Spectral energy transfer in a viscoelastic homogeneous isotropic turbulence

Energy dynamics in elastoinertial turbulence is investigated by performing different direct numerical simulations of stationary, homogeneous isotropic turbulence for the range of Weissenberg numbers 0 <= Wi <= 9. Viscoelastic effects are described by the finite extensibility nonlinear elastic-Peterlin model. It is found that the presence of the polymer additives can nontrivially modify the kinetic energy dynamics by suppressing the rate of the kinetic energy transfer and altering the locality nature of this energy transfer.

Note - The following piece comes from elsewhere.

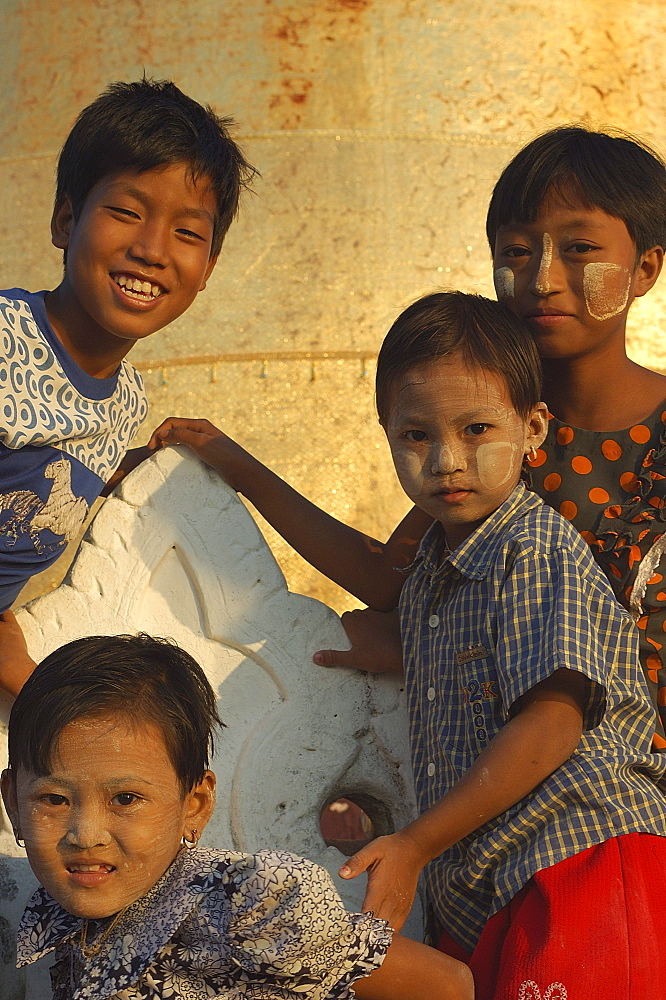 Children playing at temple, Bagan (Pagan), Myanmar (Burma), Asia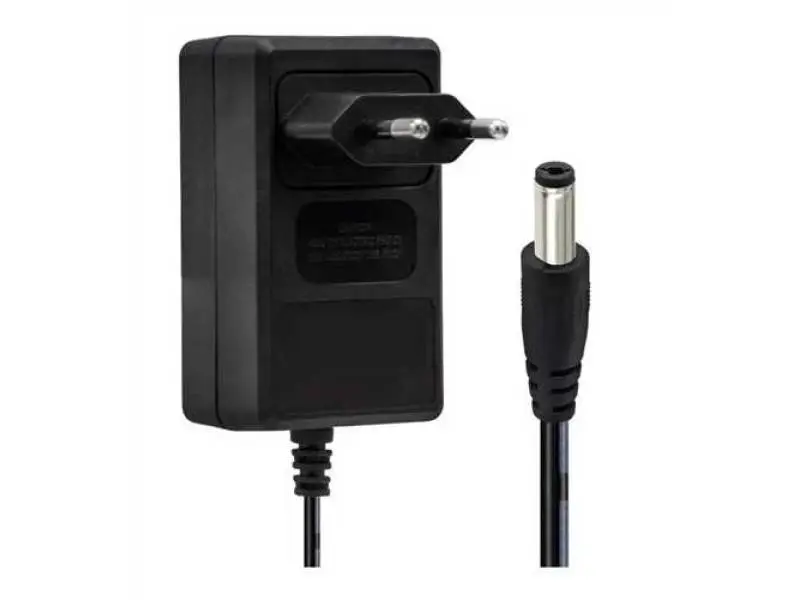 Fully 5V 3A Adaptör 5.5x2.5 Uç Fully 5V 3A Adaptör 5.5x2.5 Uç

Spectral representation of the elastic field revealed that the elastic energy is also transferred locally through different elastic degrees of freedom via a dominantly forward energy cascade. Moreover, the elastic energy spectrum can display a power-law behavior, k(-m), with the possibility of different scaling exponents depending on the Wi number. It is observed that the energy exchange between macro- and microstructures is a two-directional process: there is a dominant energy transfer from the solvent large-scale structures to the polymers alongside a weak energy transfer from polymers to the solvent small-scale structures. This energy exchange consists of three different fluxes. Two of these fluxes equally transfer a small fraction of the kinetic energy into the mean and fluctuating elastic fields. However, the main energy conversion takes place between fluctuating kinetic and elastic fields through a completely nonlocal energy transfer process.